The authority of partners in a partnership is an issue that comes up when those involved in this type of business arrangement wonder how much authority they hold, as well as their partner(s).

What Is a Partnership?

When two or more individuals conduct business together with a shared goal to profit, this is referred to as a partnership under the S1 Partnership Act of 1890. Partnerships can be small businesses or massive firms with hundreds of partners. A partnership can be used as the formation entity for a business in just about any industry.

When a partner is described as the managing partner of the organization, the implied authority is that he or she can bind the firm without any legal limits. If a partner in a partnership is making a deal with a third-party entity, that entity has the right to believe that a managing partner is legally authorized to enter into an agreement that binds the partnership.

Types of Partners

There are several main types of partners:

  • A general partner is involved in the daily operations of the business.
  • A sleeping partner is not actively involved in running the business but is jointly and severally liable for business contracts and debts.
  • A limited partner contributes a certain amount of capital to the business and has limited liability for any business debts up and equal to that amount. This type of partner is not allowed to be part of the management of the business.
  • A salaried partner receives a set amount of money but isn't truly considered a partner unless a share of the profits is provided in addition to the salary.

Types of Partnerships

Under the Partnership Act of 1890, a standard partnership is called an ordinary or general partnership. Unless the partners involved in the business choose to form the partnership differently, a general partnership is the default formation.

One of the other options is to form a limited partnership. The other option is a limited liability partnership (LLP), which is legal under the Limited Liability Partnerships Act of 2000. When a partnership is formed as this type of entity, it exists as a separate legal entity from the owners, who are called members.

Characteristics of a Partnership

For a partnership to legally exist, the business must exist with a goal of earning a profit. All individuals in the partnership must have a shared intent for the company to yield profit, as well as share in the profit.

Some examples of situations that aren't necessarily partnerships include:

  • Expense sharing
  • Joint property ownership
  • Sharing gross returns

When two or more individuals start a business, the partnership begins. A legal agreement can be entered into before or after that date, but that is the date on which the partnership legally begins. Forming a general partnership doesn't require registration or submission of documentation. The Partnership Act of 1890 applies to any partnership with no required formalities, whether the partners entered into the business on an oral or written basis.

The Partnership Act of 1890's provisions will apply to every general partnership unless certain provisions are excluded under the agreement signed by the partners. By default, partners will share the profits of the business equally. However, some partnership agreements outline that each partner will receive a portion based on their investment in the business. As long as all partners agree to the profit-sharing terms, it is legal to split profits differently.

A partnership agreement is legally enforceable. It is similar to a contract in that it can be implied or express, which means it can be in writing, by deed, or orally. In a partnership, all partners are bound to one another based on the contractual terms, even if those terms go against the regulations under the Partnership Act of 1890.

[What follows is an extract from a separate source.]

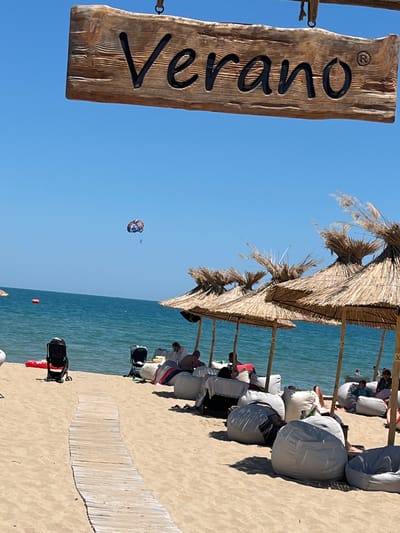 This image depicts a sunny day at a beach in Dyuni, Bulgaria. A wooden sign with the word "Verano" is prominently displayed at the top, suggesting the name of a establishment or location. Below the sign, a beach scene unfolds with the azure sea in the background. Several straw umbrellas provide shade on the sandy shore, under which people are relaxing on beanbag chairs and other seating. A colorful parasail is visible in the sky, indicating recreational activities. A wooden walkway leads across the sand. Strollers are also present on the beach, suggesting families are enjoying the location. The overall atmosphere is one of leisure and relaxation on a summer day.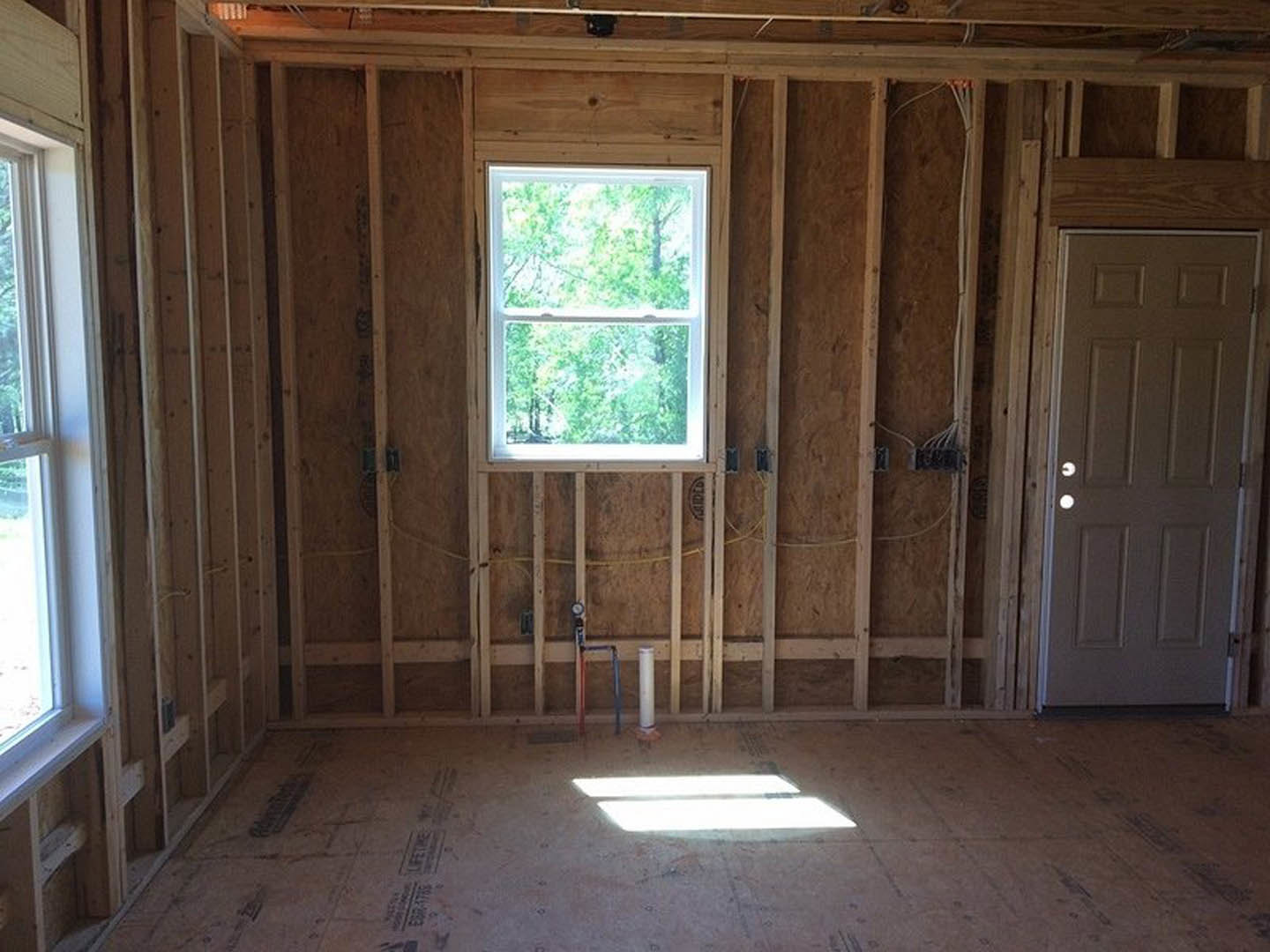 Sunlit room with wood plank flooring, large window framed in natural lumber, door with modern hardware, and recessed ceiling light illuminating the space.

Liability for Partnership Debts

If one of the partners in a business acts within their apparent or actual authority, all partners are legally liable for the terms to which were agreed upon by that partner. However, certain limitations do apply. The apparent authority doesn't bind the business if:

  • The partner doesn't have actual authority, and the third party doesn't believe them to be a partner.
  • A third party is aware that the partner making the agreement holds no real authority.